US Secretary of State Condoleezza Rice is expected to fly to New Delhi Tuesday for a one-day visit to India in the hope of boosting bilateral relationship between the two "strategic partners." 

Rice is scheduled to hold delegation-level talks with Indian External Affairs Minister K Natwar Singh. She would also call on Prime Minister Manmohan Singh, leader of Opposition LK Advani and the ruling Congress Party Chairperson Sonia Gandhi.

 

Besides discussing bilateral issues, the two countries are also expected to focus on the progress in India-Pakistan peace process, political crisis in Nepal and other developments in India's neighborhood. The situation in Iraq and Afghanistan, the developments in West Asia and UN reforms can also form part of the discussions between the two sides.

 

Incidentally, her upcoming tour of South Asia and East Asia from March 14-21 clearly shows that the Bush administration is keen to consolidate its transformed relationship with India, an Indian diplomat said.

 

The Ministry of External Affairs (MEA) is approaching Rice's visit as an important top-level contact between the two governments.

 

According to diplomatic sources, the MEA is confident that India could do business with Rice for various reasons. First, she is better disposed towards India than her predecessor General Colin Powell who was known as a friend of General Pervez Musharraf. Second, during her tenure as national security adviser, she had taken a number of decisions for forging closer ties between Washington and New Delhi. The NSSP was one of these and Rice is the progenitor of Next Steps in Strategic Partnership (NSSP).

 

There are two important elements in the Indo-US NSSP -- cooperation in nuclear issues and space.

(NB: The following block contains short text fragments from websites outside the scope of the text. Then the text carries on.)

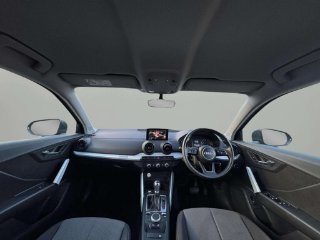 /photos/11680/80679ab3-90b8-427c-b666-0f3628d0a854_i320x240.jpg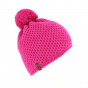 Women's hat Rose-Le Drapo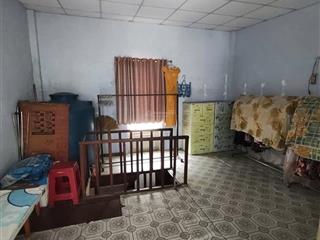 Bán ở tại bình hưng hòa a, giá nhỉnh hơn 6 tỷ, diện tích lên 72 m2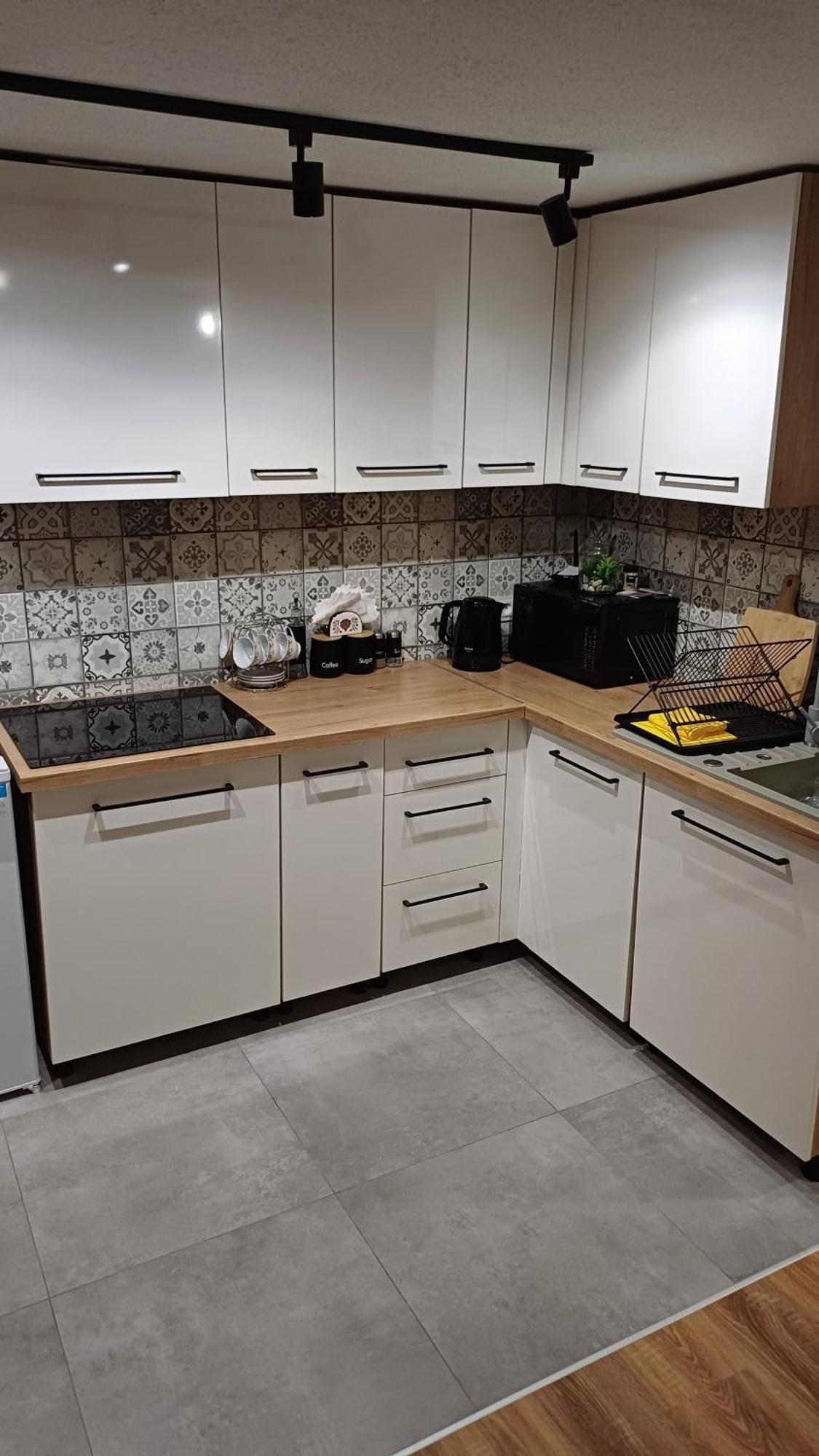 Apartament Widokowy U Majerczykow Stozh Kültér fotó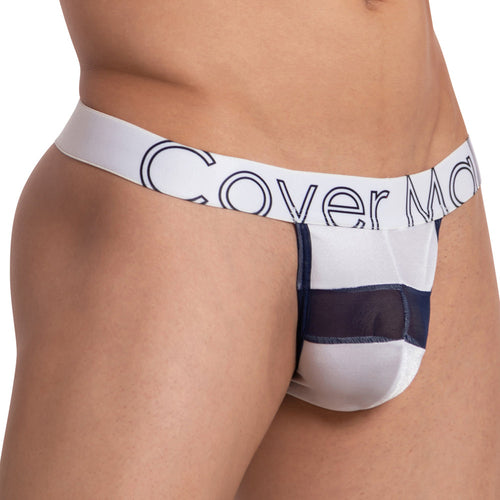 Cover Male CMK065 Thong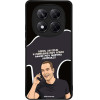 Sonique ���� Greek Cult TV Series ��� Xiaomi Redmi Note 14 Pro 5G / Poco X7 5G �������� ��� �����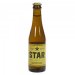 Star Light  25 cl   Fles 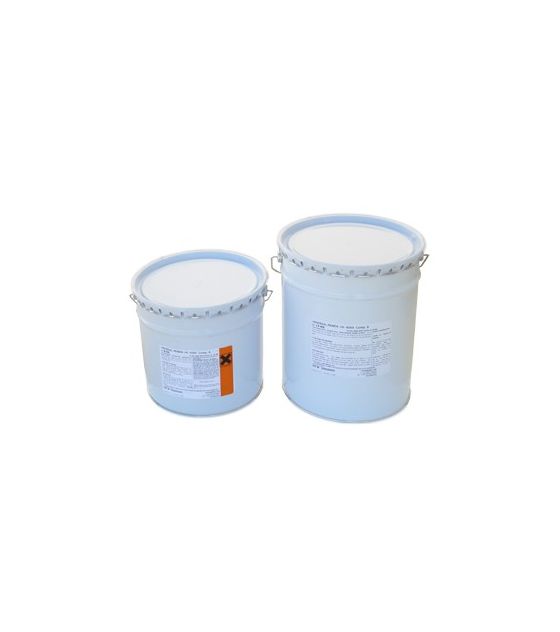 HYPERDESMO ADY-2K (A+B) 15KG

This is perhaps for the first time in the history of Indo-US relations when Washington has embarked upon certain program with India without bothering about its balancing game with Pakistan and not seeing India through the prism of Pakistan.

 

However, one sensitive issue might also come up when Rice meets the Indian leaders, and that is the proposed Iran-Indian gas pipeline deal. Before she leaves for the region, Washington has officially conveyed to New Delhi that the Bush administration continued to have serious concerns on Teheran and could not foresee how events there will shape up.

 

Indian officials said that Rice will focus on the growing confidence building taking place between Pakistan and India during her scheduled trip to the region this month. She was expected to brief India on US policy towards Pakistan and assure New Delhi that American support to President Musharraf's government and economic and military aid are not meant to dilute in any way the US' close ties with India, the officials said.

 

Rice is also expected to do some groundwork for proposed visit of President George W. Bush to India. India is expected to renew its invitation to Bush as he had already indicated that a visit to New Delhi would be one of his priorities during his second term in office.

 

Prime Minister Manmohan Singh had extended an invitation to Bush to visit India when the two leaders met in New York in September last year on the sidelines of the UN General Assembly session.

 

According to the US State Department, Rice will highlight the "transformed relationship with India" among other things during her weeklong visit to South Asia and Southeast Asia next week.

 

"During this time she will visit India, Pakistan, Afghanistan, Japan, Korea (the Republic of Korea) and China. In South Asia, the secretary will highlight positive momentum in the region, including our transformed relationship with India, our continuing commitment to Afghanistan's reconstruction and our long-term engagement with Pakistan," the State Department said in a formal announcement before Rice embarks on her Asian visit.

 

Therefore, even though nothing spectacular is to emerge from Rice's visit to India, it would certainly give a fillip to the Indo-US strategic partnership, as an Indian Foreign Ministry official said.